## WHAT TO WORK ON
Please output only the lines that begin at the line with "Uhr Acc/46/Neongelbes Sportband - M/L" and run through the end of the entries below, exactly as written. Drop all pictures.

## PROVIDED DATA
────

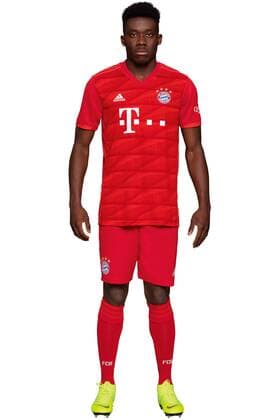 FOOTBALL 1 BUNDESLIGA SAISON 2019 2020 03 09 2018 FC Bayern Munich photo opportunity Alphonso Davies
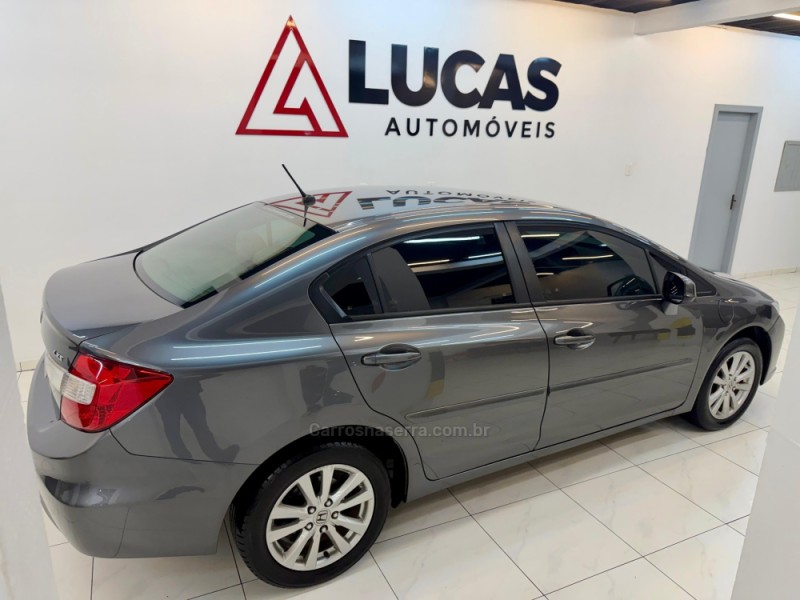 CIVIC 1.8 LXS 16V FLEX 4P AUTOMÁTICO - 2014 - BOM RETIRO DO SUL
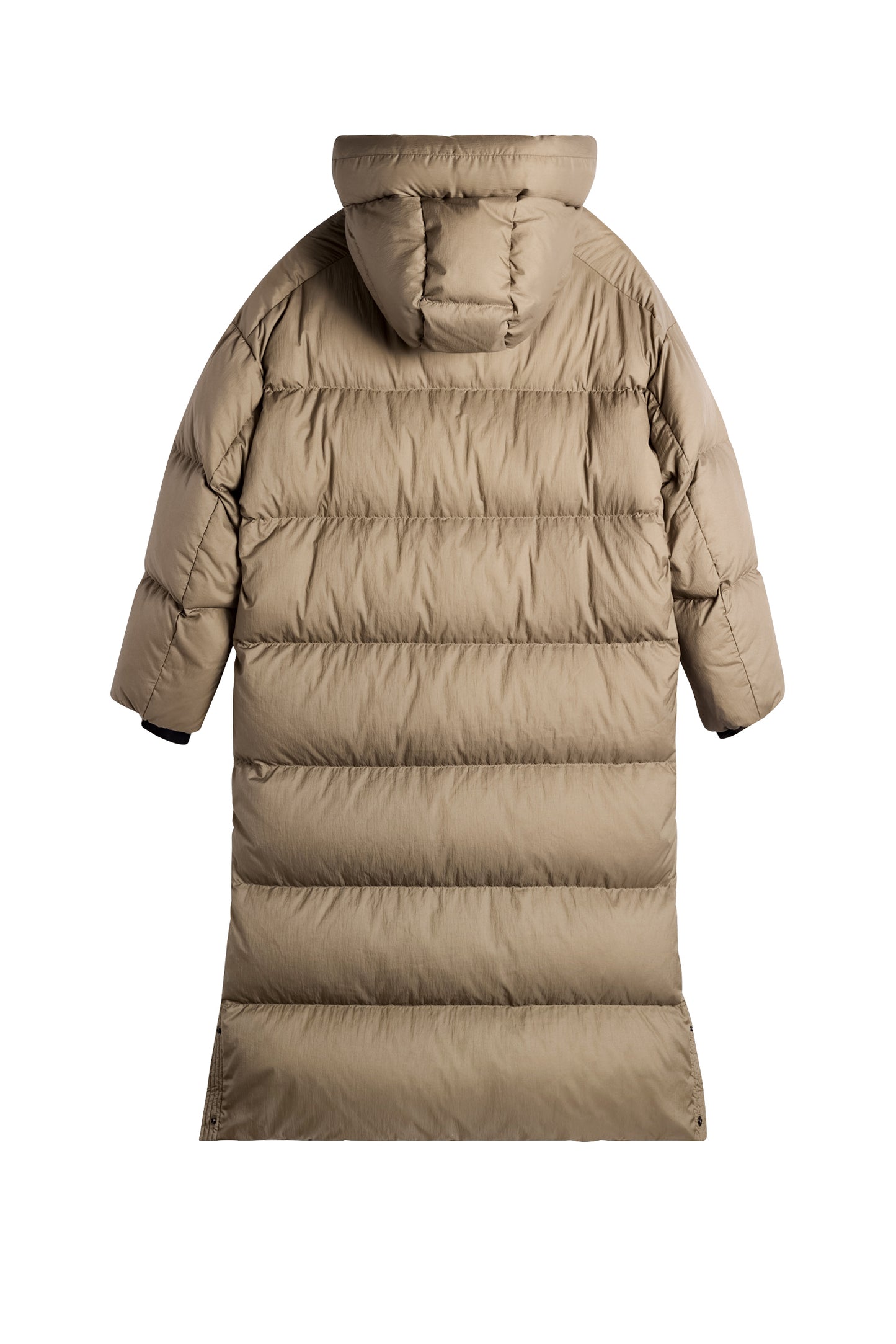 Serene Crinkle Down Parka in Brindle by J.Lindeberg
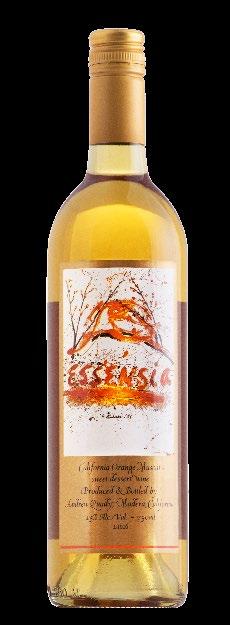 with Muscat Canelli to create Moscato that is crisp
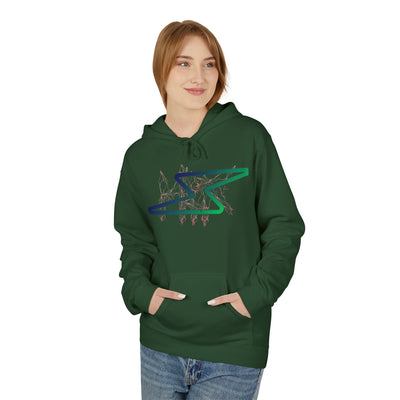 Built Different Athletic Fleece Hoodie – Soft & Performance-Ready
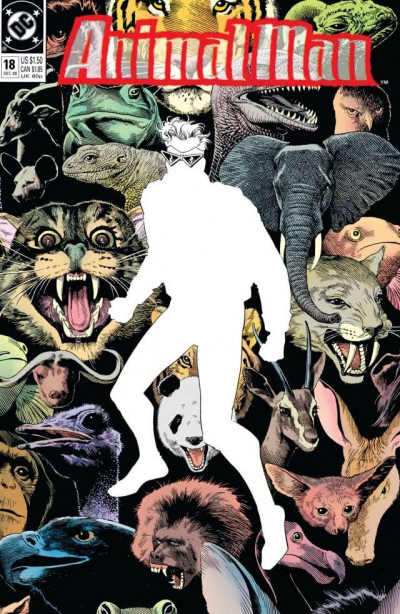 Animal Man #18
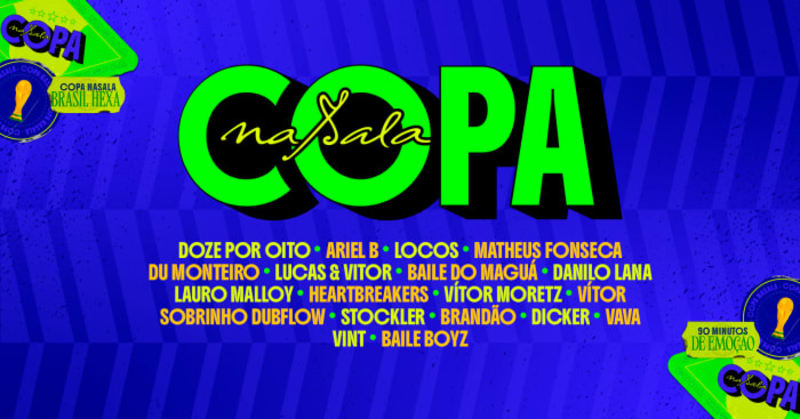 Copa naSala @ Belo Horizonte - MG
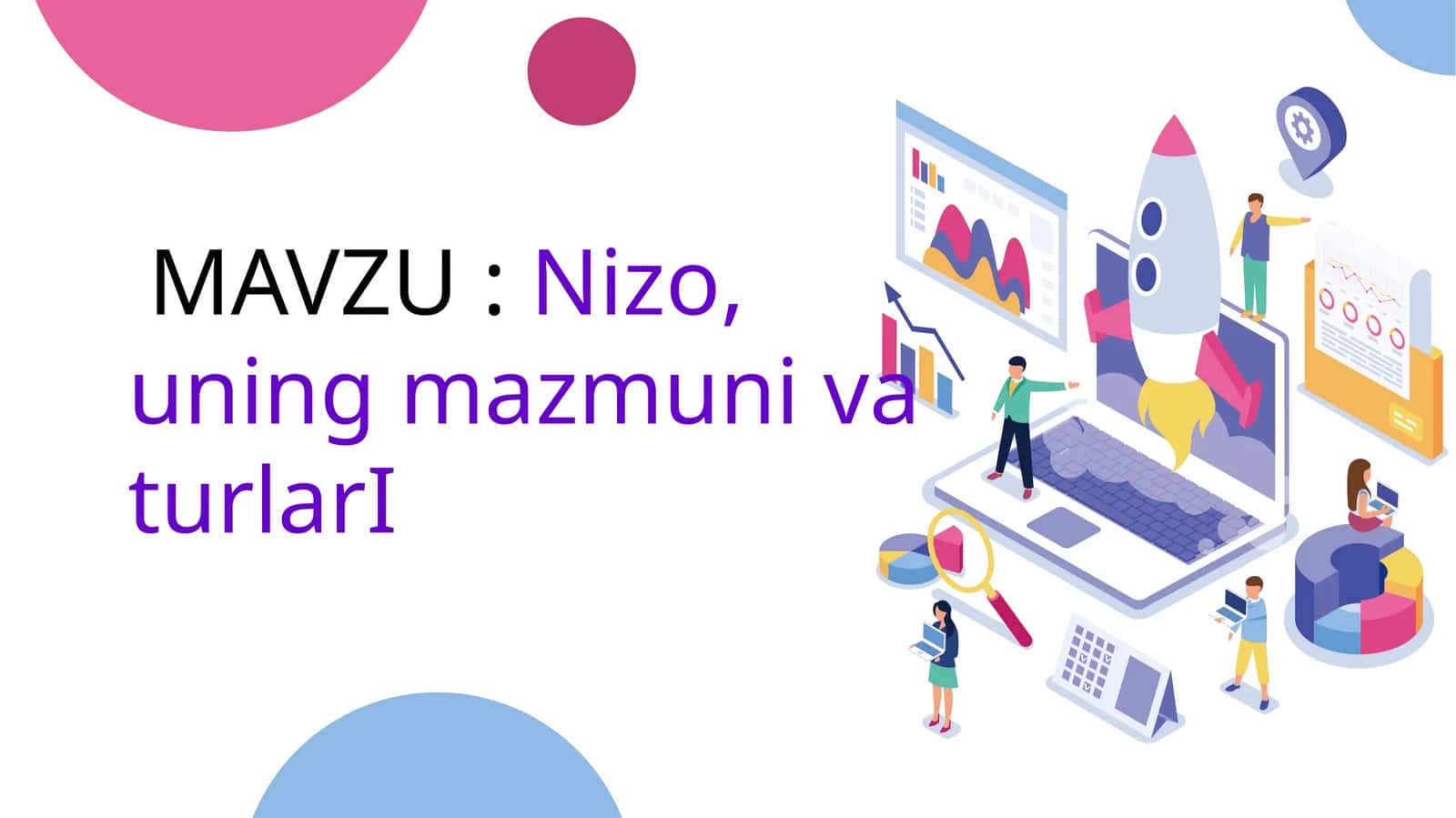 Nizo,uning mazmuni va turlari 1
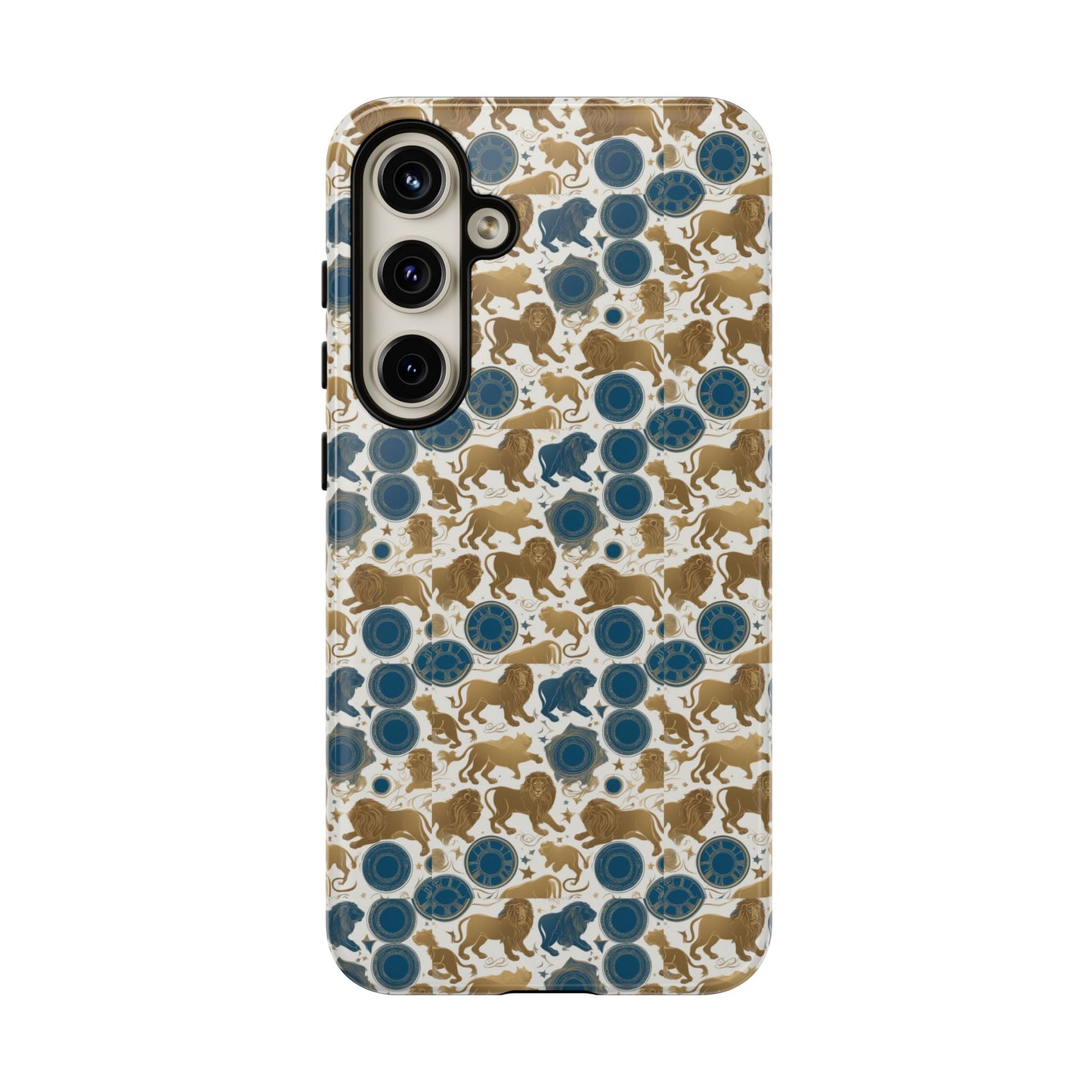 Tough Cases, Leo, Zodiac v2, Metal Pattern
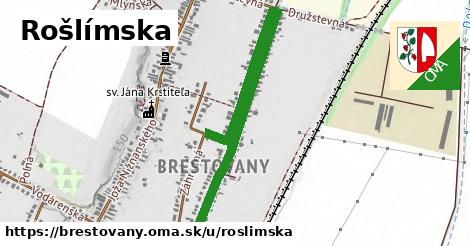ilustrácia k Rošlímska, Brestovany - 1,44 km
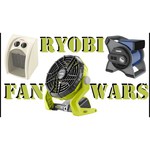 Настольный вентилятор RYOBI R18F-0 ONE+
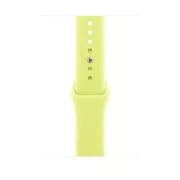 Uhr Acc/46/Neongelbes Sportband - M/L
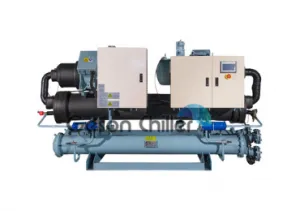 Water-cooled screw chiller
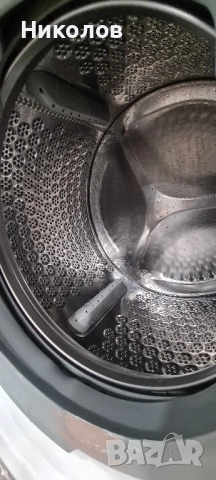 Инверторна пералня със сушилня с пара AEG L7WB64683 (L7WBG68W) 8/4 кг, снимка 7 - Перални - 51953096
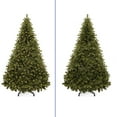 thumbnail image 3 of ModFusion 6ft Artificial Prelit Christmas Tree with Sturdy Base, 2 Color & 8 Light Modes, 3 of 10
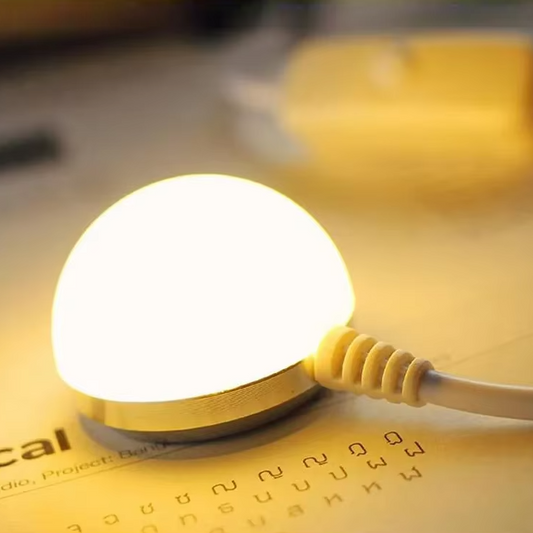 Mini USB Magnetic Lamp – 3W Soft Light Anywhere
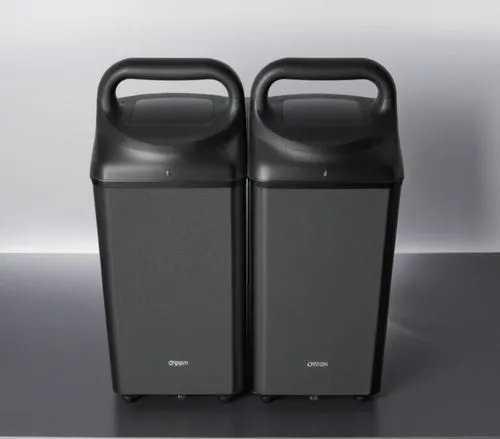 mac pro and pro display xdr,waste bins,digital bi-amp powered loudspeaker,garbage cans,bin,trashcans,Photography,Artistic Photography,Artistic Photography 09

────

## RESPONSE TO THE TASK
 Uhr Acc/46/Neongelbes Sportband - M/L
 Water-cooled screw chiller
 Инверторна пералня със сушилня с пара AEG L7WB64683 (L7WBG68W) 8/4 кг, снимка 7 - Перални - 51953096
 thumbnail image 3 of ModFusion 6ft Artificial Prelit Christmas Tree with Sturdy Base, 2 Color & 8 Light Modes, 3 of 10
 Mini USB Magnetic Lamp – 3W Soft Light Anywhere
 mac pro and pro display xdr,waste bins,digital bi-amp powered loudspeaker,garbage cans,bin,trashcans,Photography,Artistic Photography,Artistic Photography 09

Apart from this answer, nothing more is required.